I’ve been saying this for almost 4 years now, but alas the topic has come up once again: I hate Microsoft’s Windows Live Messenger Network (a.k.a the Microsoft Network, MSN) and so should you! I’m referring to the protocol, not the client. (The client is just as bad, but I can get by with alternative applications.)
To better explain why, I’m going to spare all the geeky talk for later and use analogies to get my point across first:
For the sake of argument, assume that you have a cell phone and you’re subscribed to Carrier A. You then wish to call, or send a message to, a friend who happens to be a subscriber of Carrier B. Naturally, you would expect your messages to get across, otherwise you wouldn’t be able to keep in touch and your provider would be severely restricting you to their network.
Similarly now, consider email communication: Let’s say that you have an email account provided by Google, and you wish to send a message to another person who is a Yahoo user —or any arbitrary email provider for that matter.

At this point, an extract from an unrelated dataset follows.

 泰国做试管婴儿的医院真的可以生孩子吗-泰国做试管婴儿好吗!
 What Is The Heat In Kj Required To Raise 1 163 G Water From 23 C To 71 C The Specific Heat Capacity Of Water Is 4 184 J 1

You would expect messages to flow back and forth regardless of whatever server-techno-jumbo transactions occur in the middle, because that’s how things should work for everyone, right?
Well, this is not the case when it comes to Instant Messaging (IM) Services like MSN and Yahoo because they’re not standard. In order to communicate with other people, all members must be part of the same network, and this means that if the network goes down (and it does more than anyone’s liking), everybody goes down with it!
“Jabber is an open, secure technology for decentralized instant messaging and a whole lot more.”—Jabber.org
With Jabber, you can be your own IM provider, (much like having your own email provider) and talk to other users on different networks. Users on one network are essentially independent of other networks that their friends are using.
What does all this mean to you? If you’re still using MSN, Yahoo, AOL or any other closed, centralized or proprietary IM services (you probably have one of each since people are on different networks!), please consider switching to Jabber as your primary IM. Urge your friends, colleges, relatives, and everyone else you know to make a little effort and move to a this robust platform so that everyone can communicate freely without any of these restrictions.
You can click here to get started on Jabber.
Note: I’m aware that some people have already expressed their love for Windows Live Messenger, but the 2009 version is already expected to add Jabber support.